[Newbie] HELP in making a classifier from a FASTA and taxonomy file from an online database

SoilRotifer · February 25, 2022, 2:49pm

Hi @pkmnsandy, welcome to :qiime2:!

You are certainly on the right track, however there seems to be some incorrect formatting with these reference sequence files. As the error message states:

Invalid character '.' at position 0 on line 10 (does not match IUPAC characters for this sequence type). Allowed characters are ACGTRYKMSWBDHVN."

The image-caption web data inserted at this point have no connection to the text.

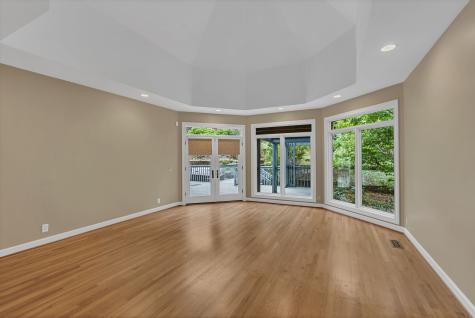 6116 Lickton Pike Goodlettsville TN 37072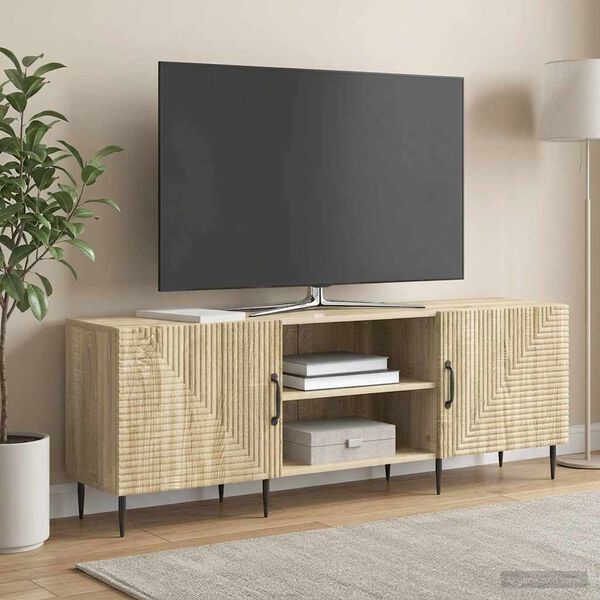 Viser 2 av 10 produktbilde(r)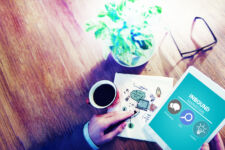 Photo of Inbound Marketing Service Providers Photo of Inbound Marketing Service Providers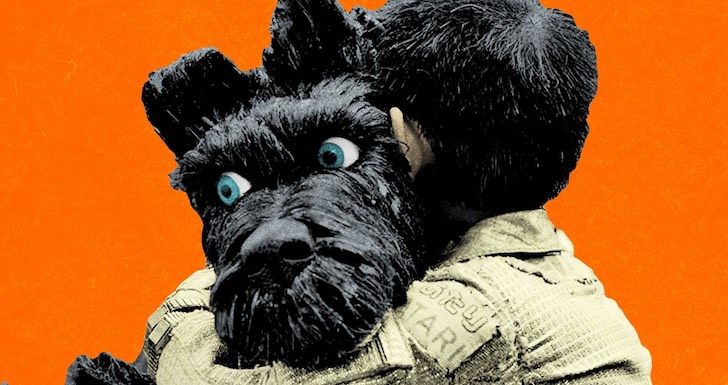 Filmes de Cachorro: 20 Filmes Inesquecíveis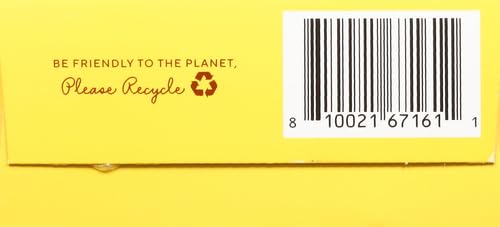 Simple Mills Cocoa Cashew Crème Sandwich Cookies - Gluten Free, Vegan, Healthy Snacks, 6.7 Ounce (Pack of 2)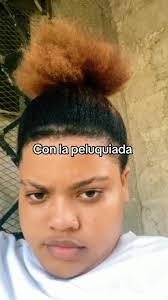 Corte Tomboy Santa Cruz Bolivia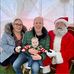 Alana Cooper - Facebook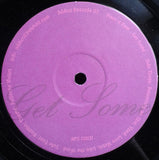 Have A Few... Get Some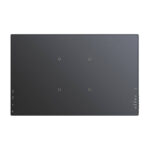 Moniteur Portable Uperfect Ubegin B5 15,6&Prime; 1920×1080 60Hz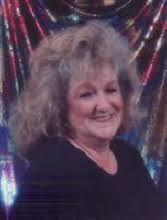 Obituary information for Nadean Brown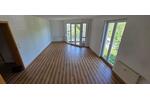Etagenwohnung Schkeuditz - 3 Zimmer, 83 m&sup2;, 187.000&euro; | Angebot:27714165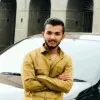 Pratik Madke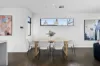 4/33 Sandown Road, Ascot Vale, Vic 3032-Image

That is, any characters that are not ACGTRYKMSWBDHVN are considered invalid in an unaligned FASTA file. I tried importing as FeatureData[AlignedSequence] on the off chance it was an alignment, or at least the same length. Obviously, this did not work as the sequences are unaligned and vary in length. But it was worth a shot.

Luckily there are only 3 sequences that are miss-formatted, and they are on lines 10, 12, and 36 of the FASTA file. Here is a snippet of the offending sequences.

>EF591086
.NGGGGATTGGTCA...

>EF591087
.NGGAGACTGGAG...

>L40804
.NTCGGACTGGAA...

Open the FASTA file using a basic text editor like notepad, BBEdit, etc... Then simply remove the leading . in front of these sequences and re-reun the import command as you have it. Then you'll be good to go.

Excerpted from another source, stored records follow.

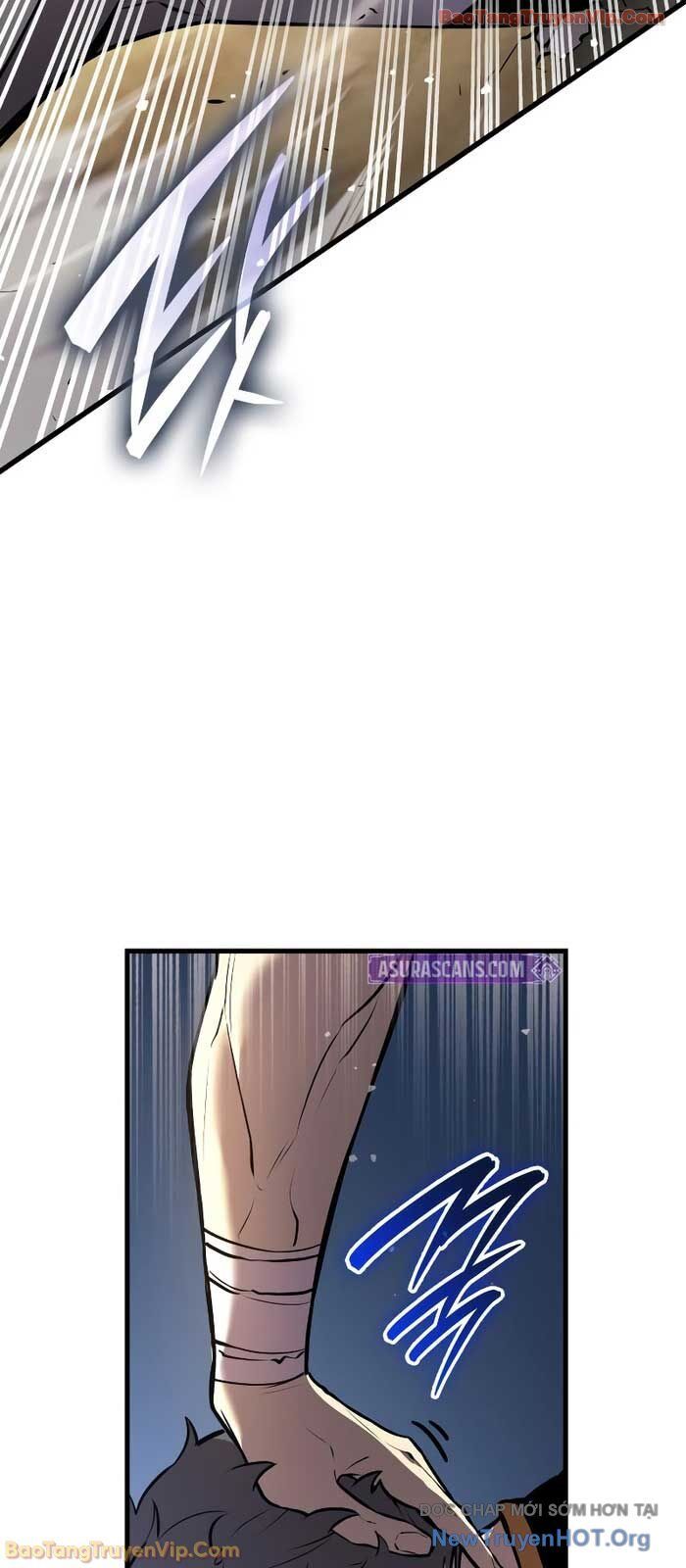 Ma Thần Trùng Sinh Chapter 7 - 10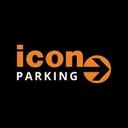 logo of Icon Parking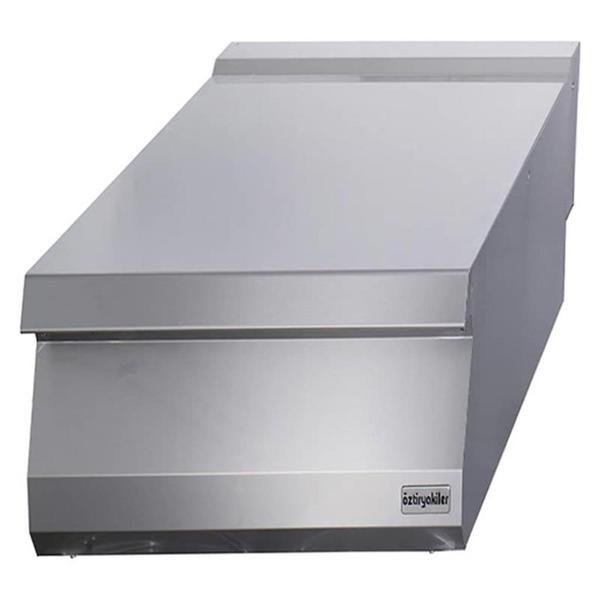 Öztiryakiler Set Üstü Ara Tezgah 40x70x30 Cm - Image 1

To import the taxonomy file you can run:

qiime tools import --type 'FeatureData[Taxonomy]' \
    --input-path pmoa4rdp_qiime.tax \
    --input-format HeaderlessTSVTaxonomyFormat \
    --output-path pmoa4rdp_qiime.qza

Note the addition of --input-format HeaderlessTSVTaxonomyFormat

Let us know if this works for you.

Also, we have a tool, RESCRIPt, to help with other aspects of making and curating your own reference database. Give it a try. Relevant tutorials are here and here.

-Cheers!
-Mike